## Directions for this task
Taking the entries below from the top, restate each line exactly and end with the line containing "Classic Solid Clogs".

[[ Provided entries open ]]

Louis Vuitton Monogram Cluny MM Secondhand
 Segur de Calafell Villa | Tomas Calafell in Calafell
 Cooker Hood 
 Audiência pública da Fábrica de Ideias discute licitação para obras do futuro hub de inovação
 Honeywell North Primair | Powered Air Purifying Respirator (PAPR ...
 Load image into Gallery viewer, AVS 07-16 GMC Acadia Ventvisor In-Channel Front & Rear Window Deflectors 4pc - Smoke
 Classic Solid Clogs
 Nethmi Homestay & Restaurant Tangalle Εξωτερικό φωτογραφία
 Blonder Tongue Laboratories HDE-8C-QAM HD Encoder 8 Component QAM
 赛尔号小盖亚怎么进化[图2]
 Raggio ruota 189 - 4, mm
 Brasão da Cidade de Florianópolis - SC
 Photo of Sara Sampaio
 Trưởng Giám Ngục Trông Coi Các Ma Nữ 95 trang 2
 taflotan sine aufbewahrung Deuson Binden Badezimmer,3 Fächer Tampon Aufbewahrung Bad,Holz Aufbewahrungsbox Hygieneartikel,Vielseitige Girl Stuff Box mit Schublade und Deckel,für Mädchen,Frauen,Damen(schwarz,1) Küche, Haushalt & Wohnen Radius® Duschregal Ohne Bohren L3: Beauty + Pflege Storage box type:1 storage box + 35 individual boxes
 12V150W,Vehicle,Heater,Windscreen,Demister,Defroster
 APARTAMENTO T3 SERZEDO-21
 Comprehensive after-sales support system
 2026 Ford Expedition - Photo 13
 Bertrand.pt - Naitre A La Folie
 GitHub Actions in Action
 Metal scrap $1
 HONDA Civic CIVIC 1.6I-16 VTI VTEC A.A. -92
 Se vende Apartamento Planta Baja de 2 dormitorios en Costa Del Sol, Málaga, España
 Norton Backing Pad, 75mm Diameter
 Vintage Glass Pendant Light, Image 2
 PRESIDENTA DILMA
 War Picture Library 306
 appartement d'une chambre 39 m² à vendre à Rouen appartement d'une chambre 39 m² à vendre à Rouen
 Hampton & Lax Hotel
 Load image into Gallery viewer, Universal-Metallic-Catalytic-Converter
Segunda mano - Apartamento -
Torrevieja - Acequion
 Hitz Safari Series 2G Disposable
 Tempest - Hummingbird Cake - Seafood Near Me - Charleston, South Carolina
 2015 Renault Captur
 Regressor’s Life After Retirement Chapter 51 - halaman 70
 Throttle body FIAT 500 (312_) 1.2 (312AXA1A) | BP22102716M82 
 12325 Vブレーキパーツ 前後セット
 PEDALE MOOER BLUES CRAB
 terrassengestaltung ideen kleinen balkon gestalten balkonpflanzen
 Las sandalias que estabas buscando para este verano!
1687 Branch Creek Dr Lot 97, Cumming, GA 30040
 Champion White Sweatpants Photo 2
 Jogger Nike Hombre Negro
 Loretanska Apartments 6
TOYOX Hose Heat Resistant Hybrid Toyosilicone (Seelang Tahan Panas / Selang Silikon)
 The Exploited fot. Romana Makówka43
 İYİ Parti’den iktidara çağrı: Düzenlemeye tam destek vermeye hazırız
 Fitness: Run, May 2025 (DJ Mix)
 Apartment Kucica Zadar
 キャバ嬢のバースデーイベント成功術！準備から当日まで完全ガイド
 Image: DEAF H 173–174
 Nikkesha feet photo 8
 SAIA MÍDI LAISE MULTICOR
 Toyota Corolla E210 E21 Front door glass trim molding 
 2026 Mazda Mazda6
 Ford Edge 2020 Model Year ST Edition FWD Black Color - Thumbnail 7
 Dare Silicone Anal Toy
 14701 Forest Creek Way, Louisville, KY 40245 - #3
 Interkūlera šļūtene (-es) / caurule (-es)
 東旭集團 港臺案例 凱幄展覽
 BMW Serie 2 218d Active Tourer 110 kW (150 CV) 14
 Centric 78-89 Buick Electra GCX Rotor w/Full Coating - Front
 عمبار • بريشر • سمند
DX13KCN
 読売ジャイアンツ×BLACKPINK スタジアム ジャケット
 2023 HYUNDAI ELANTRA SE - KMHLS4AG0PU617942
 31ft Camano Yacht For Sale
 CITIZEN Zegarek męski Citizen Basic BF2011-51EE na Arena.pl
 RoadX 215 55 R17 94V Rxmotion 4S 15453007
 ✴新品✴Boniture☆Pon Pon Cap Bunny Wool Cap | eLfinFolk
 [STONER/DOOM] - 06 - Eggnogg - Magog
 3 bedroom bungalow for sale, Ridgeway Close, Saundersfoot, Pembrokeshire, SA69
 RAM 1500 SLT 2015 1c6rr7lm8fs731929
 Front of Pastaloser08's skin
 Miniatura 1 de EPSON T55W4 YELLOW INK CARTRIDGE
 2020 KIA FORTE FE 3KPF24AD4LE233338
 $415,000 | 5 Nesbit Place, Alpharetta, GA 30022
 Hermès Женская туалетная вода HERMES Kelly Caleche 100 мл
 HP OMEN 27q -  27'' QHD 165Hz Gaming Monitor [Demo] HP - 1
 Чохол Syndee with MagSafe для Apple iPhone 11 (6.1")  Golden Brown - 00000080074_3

[[ Provided entries closed ]]

## Answer section
Louis Vuitton Monogram Cluny MM Secondhand
 Segur de Calafell Villa | Tomas Calafell in Calafell
 Cooker Hood 
 Audiência pública da Fábrica de Ideias discute licitação para obras do futuro hub de inovação
 Honeywell North Primair | Powered Air Purifying Respirator (PAPR ...
 Load image into Gallery viewer, AVS 07-16 GMC Acadia Ventvisor In-Channel Front & Rear Window Deflectors 4pc - Smoke
 Classic Solid Clogs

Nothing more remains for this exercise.